## [TASK MATERIAL]
↓

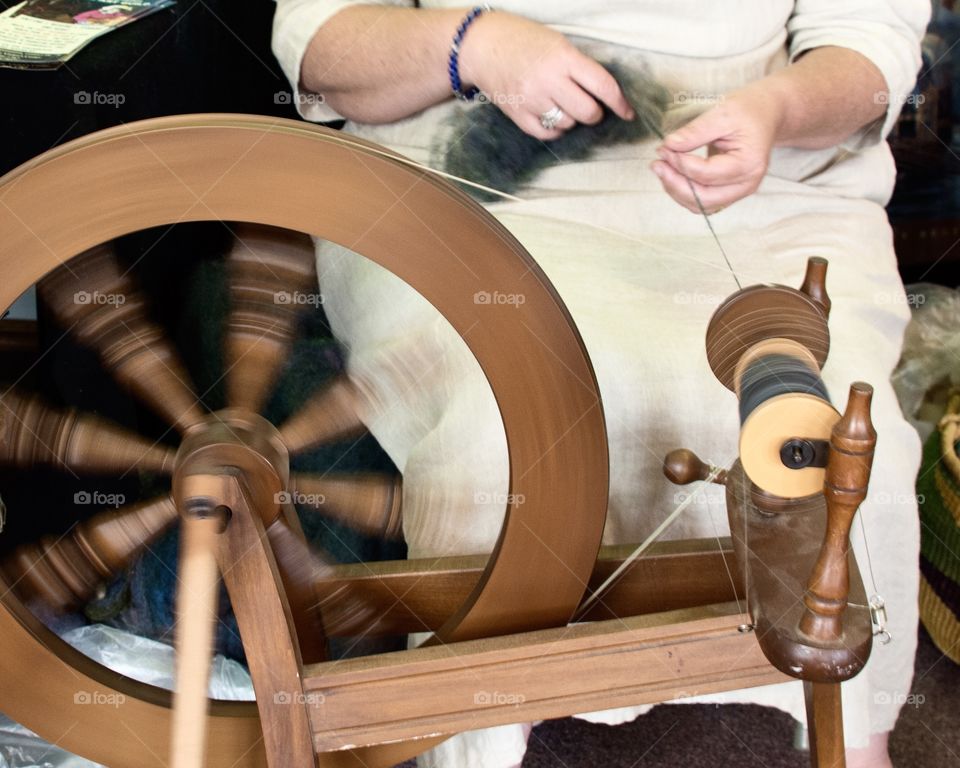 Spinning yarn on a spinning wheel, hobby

↑
↓

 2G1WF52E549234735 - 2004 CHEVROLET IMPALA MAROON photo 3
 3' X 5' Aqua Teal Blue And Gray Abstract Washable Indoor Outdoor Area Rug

↑
↓

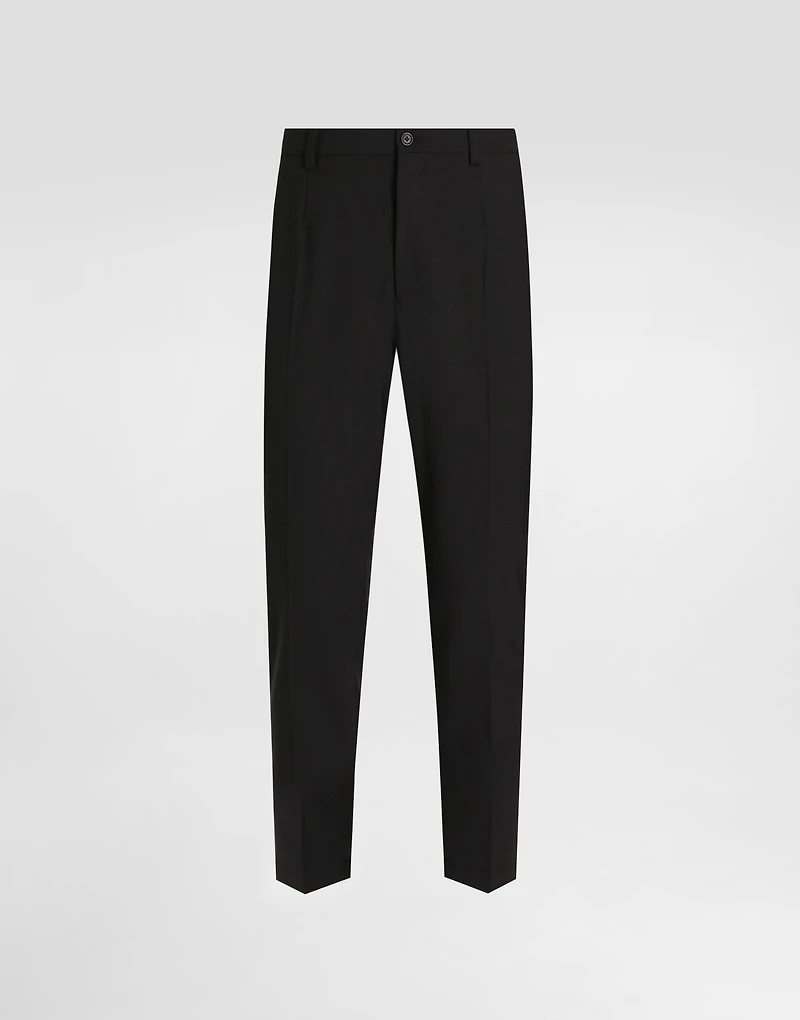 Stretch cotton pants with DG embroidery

↑

## [WORK REQUEST]
Look above for the line that contains "2G1WF52E549234735 - 2004". Starting there, transcribe every line exactly until you have copied the line that contains "3' X 5' Aqua".

## [WRITTEN RESPONSE]
 2G1WF52E549234735 - 2004 CHEVROLET IMPALA MAROON photo 3
 3' X 5' Aqua Teal Blue And Gray Abstract Washable Indoor Outdoor Area Rug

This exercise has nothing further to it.